These are all good questions
So, I'm guessing, the resultant focal length of the system (whatever that is), will also depend upon the distance between the lenses. How does the power of the lens fit into all this?
That is correct. In the limit where your lenses are thin the powers of two lenses is added as follows:
$$\phi_\text{tot} = \phi_1 + \phi_2 - \phi_1\phi_2\tau$$
where the individual powers are given by $\phi_1 = 1/f_1,\phi_2 = 1/f_2$, and $\tau = t/n$. $t$ is the spacing between the two lens elements and $n$ is the index of refraction of the medium between your two lenses ($n=1$ in vacuum). The effective focal length is then $f_\text{effective} = 1/\phi_\text{tot}$
There is a distinction between the effective focal length $f_\text{effective}$, the rear focal length $f_\text{R}$, and the front focal length $f_\text{F}$.
$$f_\text{R} = n_\text{R}f_\text{effective}\quad \quad f_\text{Front} = -n_\text{Front}f_\text{effective}$$
I.e. the front focal length is measured from the front principal plane to the front focal point (negative distance for a positive effective focal length) and the rear focal length is measured from the rear principal plane to the rear focal point (positive distance for a positive effective focal length).

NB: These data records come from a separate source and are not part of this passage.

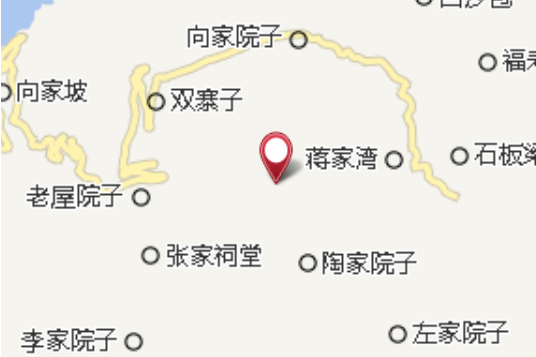 乾岩洞(重慶市的地名) 乾岩洞(重慶市的地名)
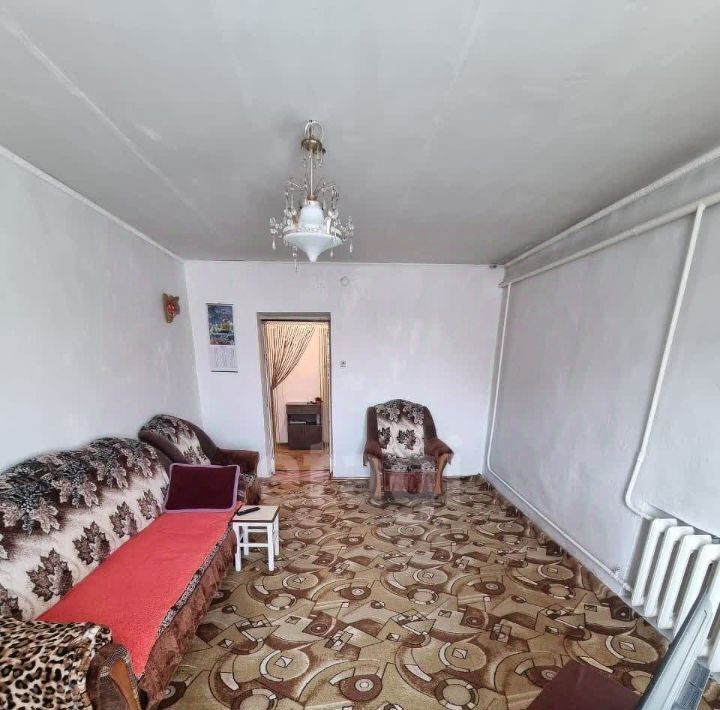 квартира г Благовещенск с Белогорье пер Зеленый 42 фото 4
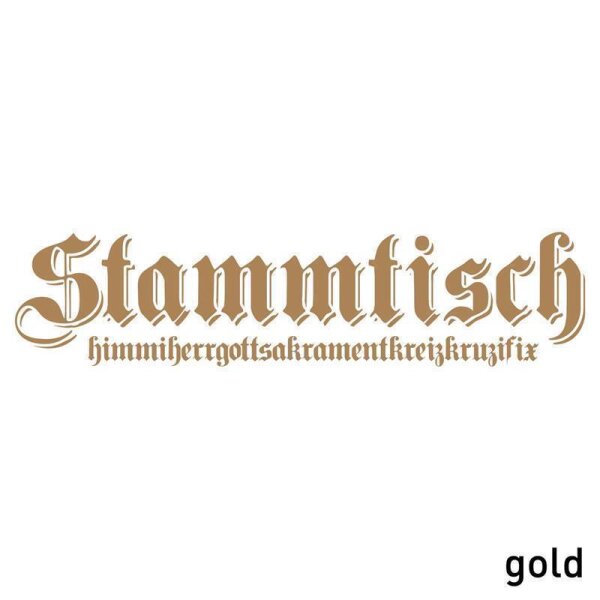 gold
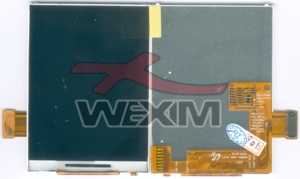 Ecran LCD Samsung S7070 Miss Player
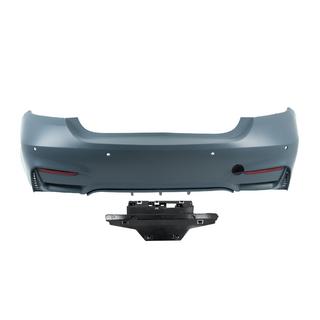 Kit caroserie F82 M4 (pentru F32) foto 4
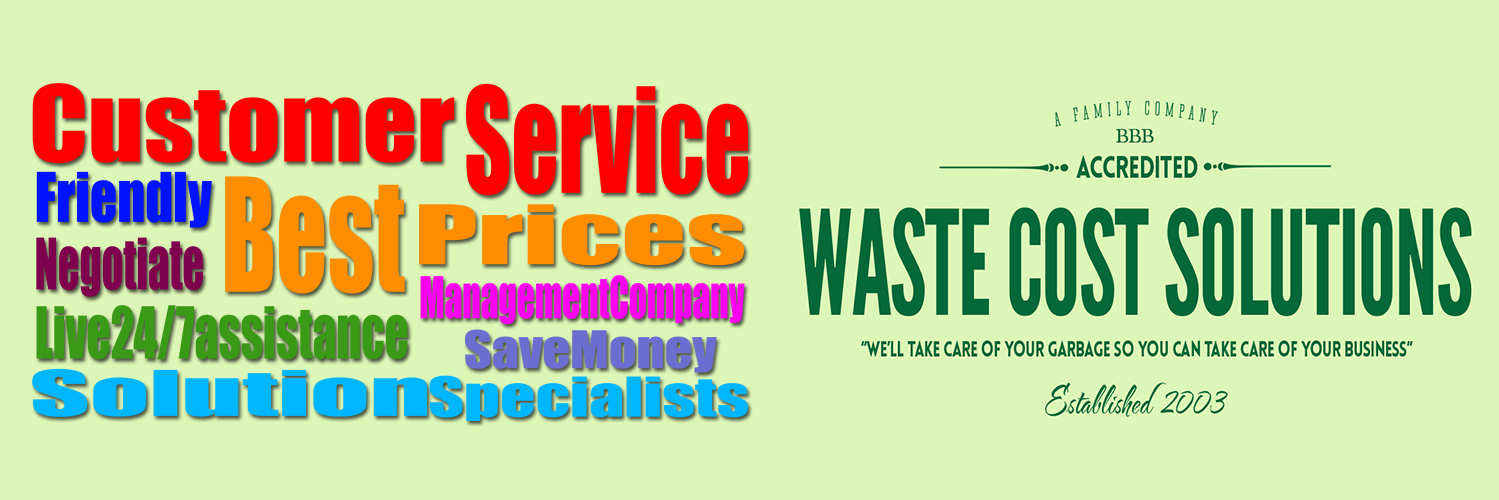 saveongarbage's profile banner image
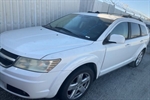 2010 Dodge Journey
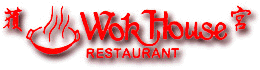 Wok House Restaurant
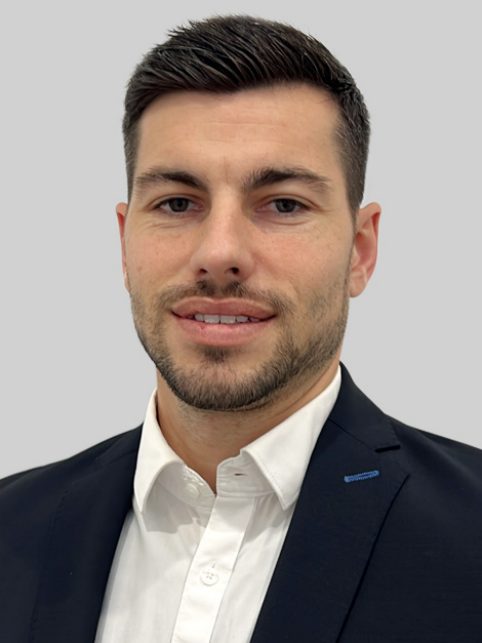 Raffael Metzler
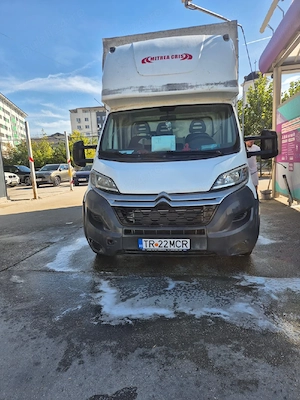 citroen jamper - imagine 3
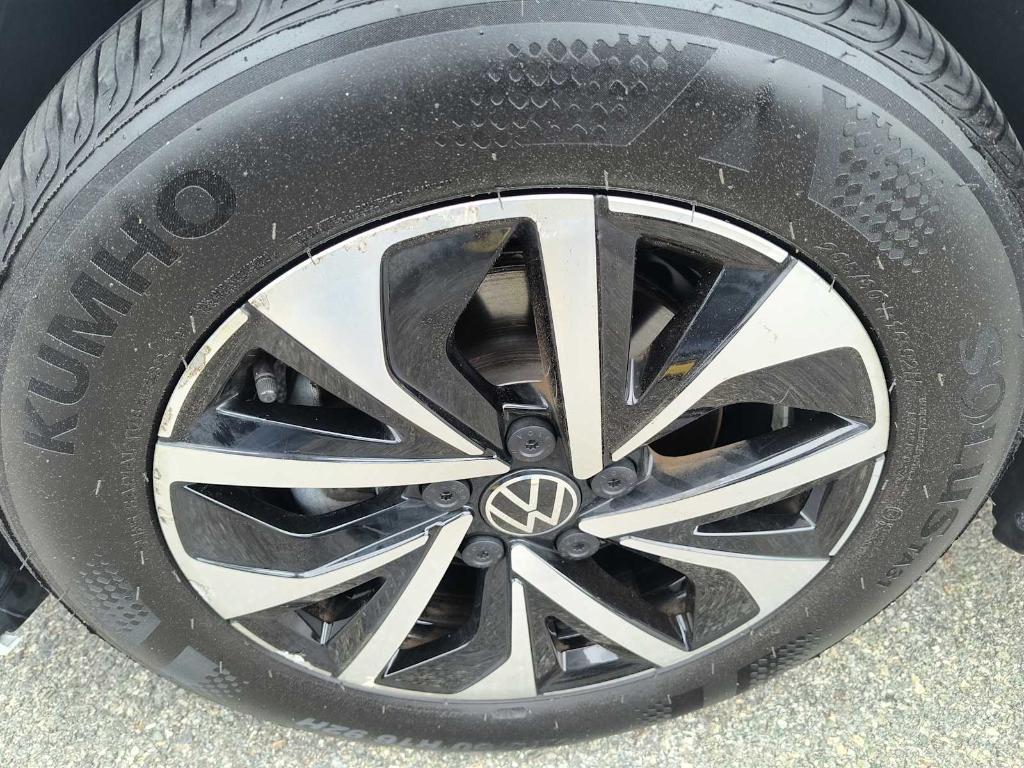 used 2023 Volkswagen Jetta car, priced at $20,991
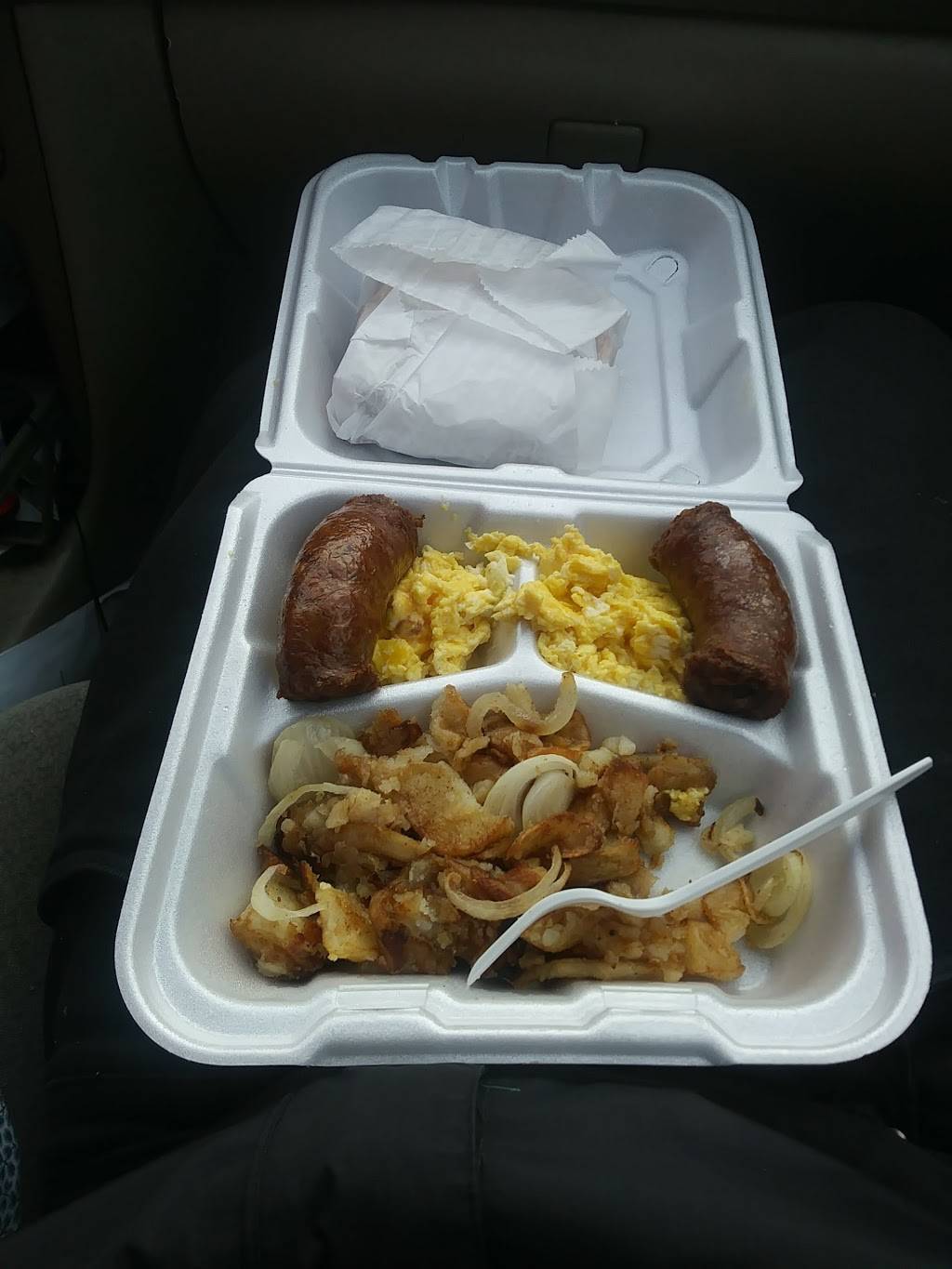 D & J Country Cooking | restaurant | 363 Madison Ave, Newark, NJ 07108, USA | 8622342882 OR +1 862-234-2882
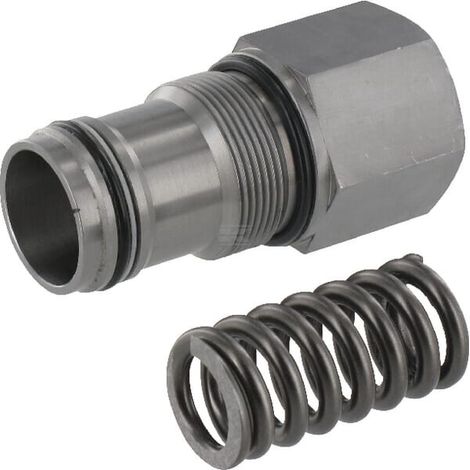 Tassello PVBP 155G6081 DANFOSS PVG120155G6081 (1/2)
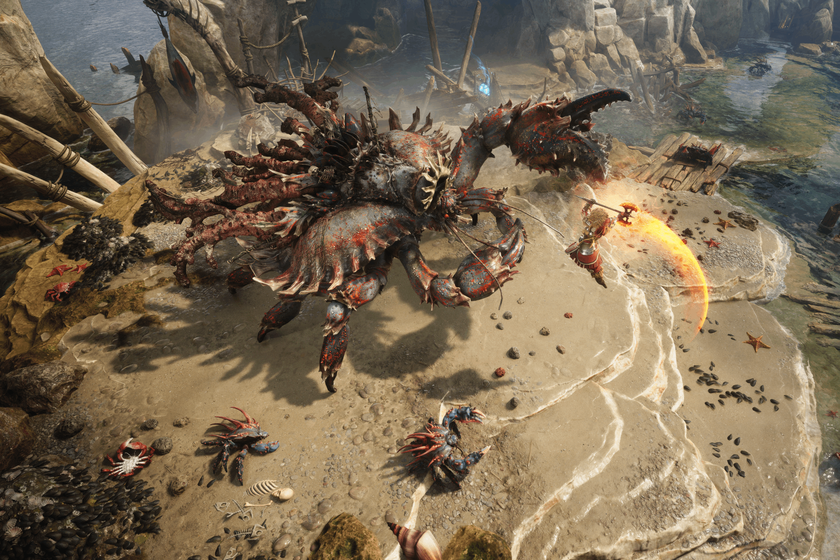 Titan Quest 2
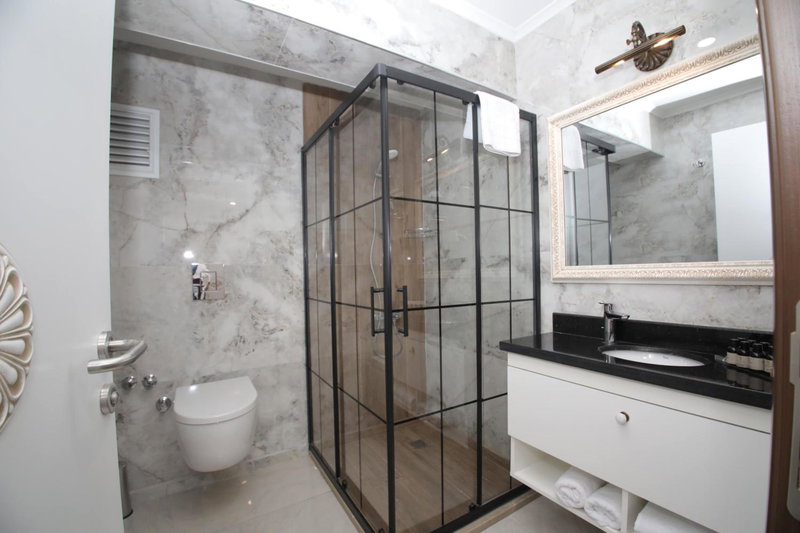 Raymar Hotels Muğla, Mugla, Turkey
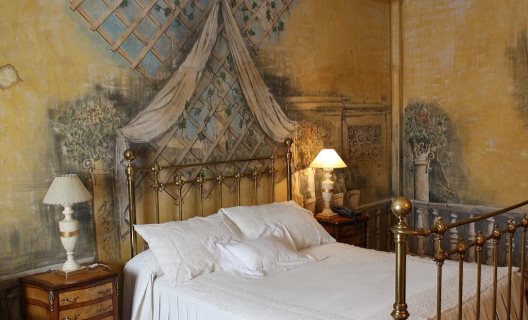 Hotel Don Fadrique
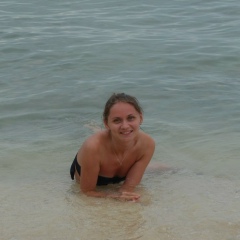 Татьяна Клименко, 27.05, Kraków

Also, what do they mean by the 'resultant power of the lenses' in the first place? The resultant system of lenses is not going to be like these lenses which have negligible thickness. Where are you going to measure the focal length from?
This is a very important point. For a system of multiple lenses you measure the front and rear focal lengths from what are called the front and rear principal planes (rather than measuring directly from a lens element). For the case of a single lens the front and rear principal planes are located at the lens. For two lenses, the front principal plane is shifted from the first lens element a distance
$$d_\text{F} = + \frac{\phi_1}{\phi_\text{tot}} \frac{n_\text{F}\;t}{n}$$
the rear principal plane is shifted from the second lens element a distance.
$$d_\text{R} = -\frac{\phi_1}{\phi_\text{tot}}\frac{n_\text{R}\;t}{n}$$
For the above two equations I am defining the first lens to be on the left and the second lens on the right. The separation is $t$ and the index of the medium between the two lenses is $n$. The index of the medium to the right of the two lenses is $n_\text{R}$ and the index of the medium to the left of the two lenses is $n_\text{F}$. A value of $d_\text{F}$ or $d_\text{R}$ less than zero indicates a shift of the respective principal plane to the left; a value greater than zero indicates a shift to the right.
Disclaimer: this response is only a very brief introduction to the ideas of gaussian optics and the cardinal points. This stuff can be really confusing for anybody, especially when you consider all of the sign conventions. Also, these equations are really only valid in the paraxial limit for rotationally symmetric systems. Having said that, these basic formulations can be expanded to a system of any number of lenses -- not just 2. If you really want to understand this stuff there are surely some good books on this material. Hecht seems to be the book for intro optics, although I haven't read him. Check the table of contents to make sure gaussian optics is covered (it should be) because that's quite an expensive text.
The exit pupil of any optical system is defined as the image of the controlling aperture stop (AS) formed by the subsequent optical components. The controlling aperture stop is the optical component which limits the maximum cone of rays from an object point which can actually be processed by the whole system (basically it controls how much light from each point actually makes it all the way through). In a system like a camera we deliberately set the AS by having an iris which opens and closes, but in the absence of an iris one of the lenses limits the maximum angle. In the case of a simple telescope this is generally the main front lens, and the exit pupil is its image formed by the eyepiece lens as your formula states. Though if you put too small an eyepiece lens then this could be the AS itself in which case it will also be the exit pupil.
In general the exit pupil is designed to form at the position where the eye will be placed and further that it will be the same size as the pupil of the eye itself, this ensures that the maximum possible amount of light can be transmitted from the object to the viewer and that the image fills the eye. The exit pupil limits the cone angle of rays illuminating each point of the image.
The aperture stop should not be confused with the field stop which controls the field of view of the system. This aperture limits the maximum angular distance an object can be from the optical axis and still be seen. Its image in the subsequent components is called the Exit Window and effectively defines the total size of the final image. To an observer on the image side this window appears to limit the area of the of the image.
Best Answer
Yes, the lenses have to be separated by $f_1+f_2$. To see why, consider in the ray optics picture what happens when the distance is different and the input rays are parallel instead of originating at a point in the focus. Or consider in the Fourier optics picture where the Fourier transform plane would be in such a system.